Lake in the state of Minnesota, United States

Kabetogama Lake or Lake Kabetogama (/ˌkæbəˈtoʊgəmə/ KAB-ə-TOH-gə-mə) is a clear lake in northern St. Louis County, Minnesota within Voyageurs National Park. It has a surface area of 25760 acre and it is one of the state's 10 largest inland lakes.

== Description ==
Kabetogama Lake drains into Namakan Lake to the east, and roughly parallels the near-by Rainy Lake. A thin peninsula is all that separates the two lakes. The lake is 15 miles long, has 78 miles of shoreline, a maximum depth of 80 feet, and 200 islands. It is part of the Arctic watershed of Hudson Bay.
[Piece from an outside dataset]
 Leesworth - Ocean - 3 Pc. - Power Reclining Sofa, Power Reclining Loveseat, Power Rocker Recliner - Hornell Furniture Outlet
The Ojibwe name Gaa-biitoogamaag-zaaga'igan translates to “the lake that lies parallel with another lake” or “the lake that doubles with another lake” or "the place where there is one lake after another." French fur trappers similarly referred to Kabetogama as Travere or Travers, meaning “alongside.”

The community of Kabetogama, located along the south shores of the Lake serves as the gateway into Voyageurs National Park.

== History ==
The area around Kabetogama Lake was occupied by the Ojibwe. In 1887, the Nett Lake-Kabetogama Road was laid out by the U.S. Indian Service to deliver annuities to Nett Lake band members, part of the Bois Forte Band of Chippewa, living on the lake. Around this time, early outdoorspeople already were exploring the lakes for wilderness scenery, wildlife, and fishing and boating, and tourism initiatives in the area began.

Kabetogma State Forest was established in 1917. In the 1920s, a Minnesota Forest Service patrol cabin was constructed on the lake, requiring a permanent ranger to monitor the forests for fire and ensure fire protection policy compliance by logging companies.

Wealthy summer residents built homes on the lake. Businesses such as resorts, like Watson's Lake View Resort constructed 1918, also were constructed on the lake. By 1936, there were 26 resorts on the lake and by 1949, there were 42 camps, hotels, and resorts. Private camps, such as St. Thomas College's Bassett's Boys Camp and a YMCA camp were also established on the lake.

The Civilian Conservation Corps constructed roads in the Kabetogama area, cleaned up beaches and shorelines, and constructed many state forest campgrounds. In 1939, reefs were charted on Kabetogama in order to aid vacation boating and fishing.

== Ecology ==
Species of fish present in Kabetogama include black crappie, bluegill, burbot, lake sturgeon, lake whitefish, largemouth bass, mooneye, northern pike, rock bass, sauger, shorthead redhorse, silver redhorse, smallmouth bass, tullibee, walleye, white sucker, and yellow perch.